Though often described as Huguenots, we now know that some of the founders of New Paltz were actually Walloons, i.e., French-speaking Protestants who came from Northern France and what is now Belgium. Both Huguenots and Walloons were followers of John Calvin (1509-1564) the French theologian and Protestant Reformation leader.
Seeking freedom from persecution by Catholic authorities, the "New Paltz Huguenots" sailed to America in the 1660s and 1670s. They travelled to present-day Kingston and founded New Paltz, named for "Die Pfalz" in Germany where they had received temporary refuge before fleeing to America.
In 1677, twelve men (the "Duzine") from the Bevier, Crispell, Deyo, DuBois, Freer, Hasbrouck, and LeFevre families met with the Esopus Indians and purchased 40,000 acres of land stretching from the Shawangunk Mountains to the Hudson River. In exchange, the Esopus received domestic supplies, farming tools, clothing, blankets, wine, horses, tobacco, and gunpowder. The land deed signed by both the white settlers and the Esopus established the New Paltz Patent, an important early document preserved in the HHS Archives.

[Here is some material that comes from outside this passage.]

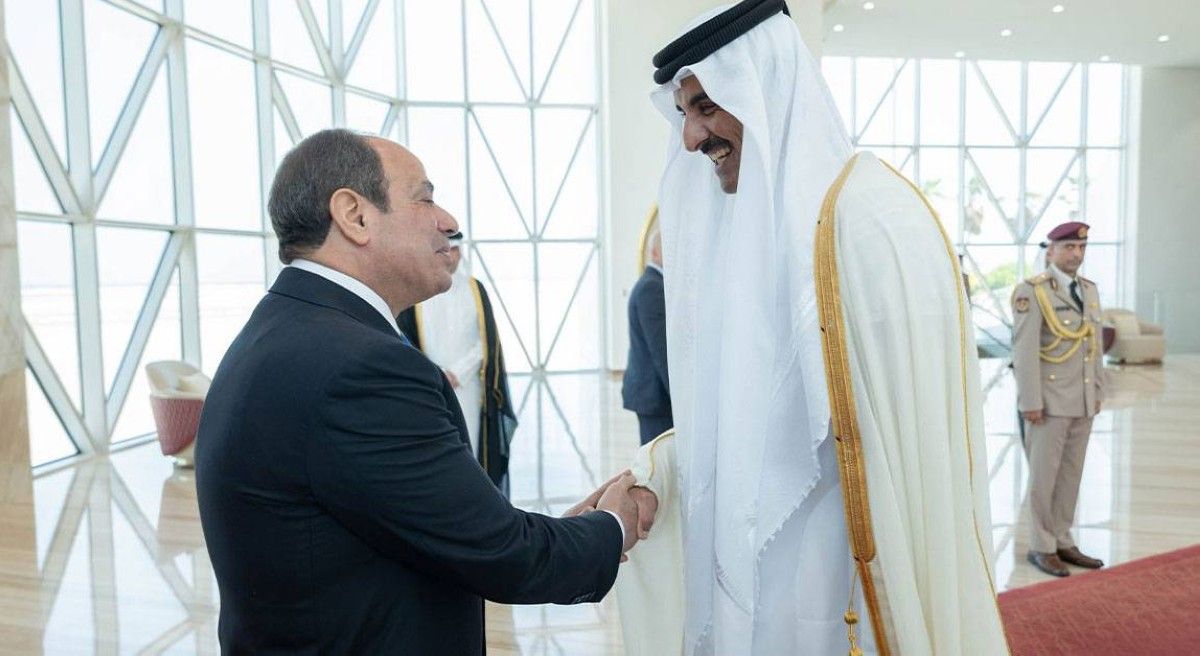 الخليج اليوم .. أمير قطر يتقدم مستقبلي الرئيس المصري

The settlers built their village on the east bank of the Wallkill River. The location, which had been home to Native Americans for centuries, was situated above the flood level near rich farm lands and wood lots. Within a couple of generations, permanent homes were constructed from local stone, following Dutch building traditions that included kitchen basements, jambless fireplaces, double chimneys and casement windows. Houses were surrounded by gardens, barns, small outbuildings, and fences.